Karen McCrone v. Acme Markets
561 F. App'x 169
3rd Cir.2014Background
- Six long‑tenured Acme store directors/assistant directors in New Jersey were terminated in early 2011 after an external customer‑satisfaction survey; some were alleged to have falsified survey results.
- Appellants claim Acme managers encouraged inflating survey scores and used threats/harassment to get favorable results. Security interviews followed; two employees signed statements and were fired, four refused and were fired.
- Appellants allege they were not at‑will employees because Acme’s oral representations and the employee handbook created an implied contract promising continued employment if they "did their jobs and stayed out of trouble."
- They sued in New Jersey state court asserting wrongful termination, breach of implied covenant/good faith, breach of implied employment terms, public policy violations, and interference with unemployment benefits; Acme removed under diversity jurisdiction.
- The District Court granted Acme’s motion to dismiss under Rule 12(b)(6) for failure to state a claim; on appeal the Third Circuit affirmed, concluding the pleadings did not plausibly allege an implied contract sufficient to overcome New Jersey’s at‑will presumption.
Issues
| Issue | Plaintiff's Argument | Defendant's Argument | Held |
|---|---|---|---|
| Whether Appellants alleged facts creating an implied employment contract overcoming New Jersey’s at‑will presumption | Acme’s oral assurances and the handbook (which omitted an at‑will disclaimer) plus company practice promised continued employment if they performed and stayed out of trouble | Handbook omission and a generalized oral statement are insufficient to alter at‑will status; no specific change in policy or clear promise was made | Dismissal affirmed: pleadings do not plausibly allege an implied contract to overcome at‑will presumption |
| Whether an implied covenant of good faith and fair dealing claim survives without an implied contract | (Implicit) covenant arises from the alleged implied contract and employer conduct | No implied contract → no independent covenant claim based on it | Dismissal affirmed: covenant claim fails because no enforceable implied contract was pleaded |
Key Cases Cited
- Bernard v. IMI Sys., Inc., 618 A.2d 338 (N.J. 1993) (New Jersey presumes employment at‑will absent agreement otherwise)

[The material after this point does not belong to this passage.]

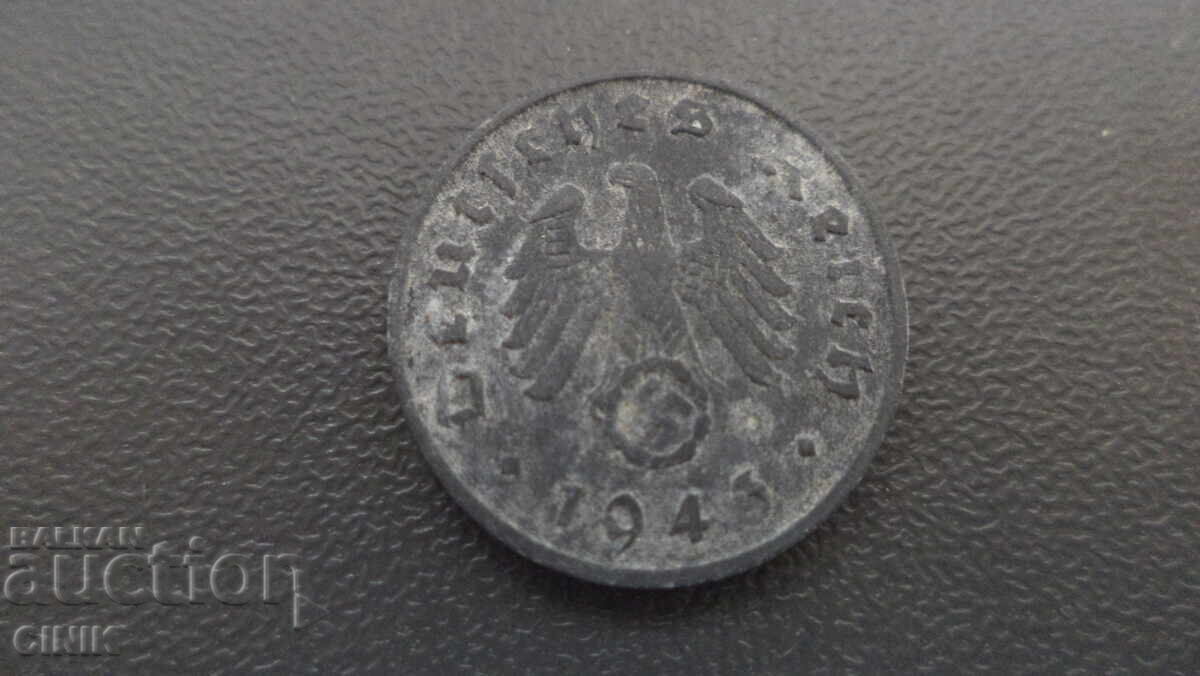 GERMAN REICH with price € 2.05 | 4.01 BGN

- Witkowski v. Thomas J. Lipton, Inc., 643 A.2d 546 (N.J. 1994) (reiterating at‑will rule and that agreement can alter it)
- Woolley v. Hoffmann‑La Roche, Inc., 491 A.2d 1257 (N.J. 1985) (employee manual can create a unilateral contract absent a clear disclaimer)

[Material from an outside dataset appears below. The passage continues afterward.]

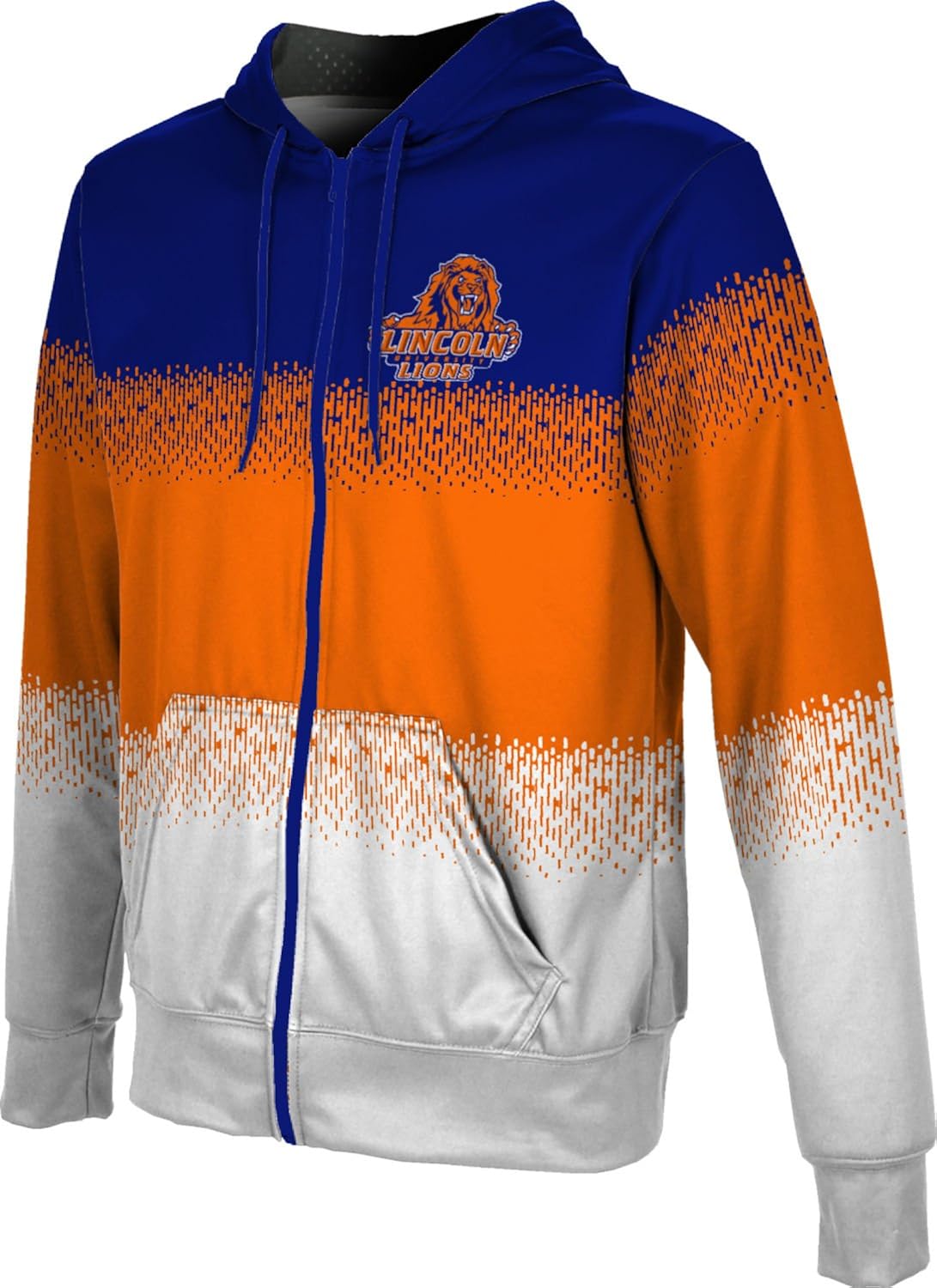 upenn sweatshirt amazon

- Shebar v. Sanyo Bus. Sys. Corp., 544 A.2d 377 (N.J. 1988) (manual promises to fire only for cause may be enforceable)
- Troy v. Rutgers, 774 A.2d 476 (N.J. 2001) (oral promises, manuals, or conduct can create enforceable obligations depending on circumstances)
- Bell Atlantic Corp. v. Twombly, 550 U.S. 544 (2007) (complaint must state a plausible claim beyond speculation)
- Marzano v. Computer Sci. Corp., Inc., 91 F.3d 497 (3d Cir. 1996) (employee handbook may create enforceable obligations under New Jersey law)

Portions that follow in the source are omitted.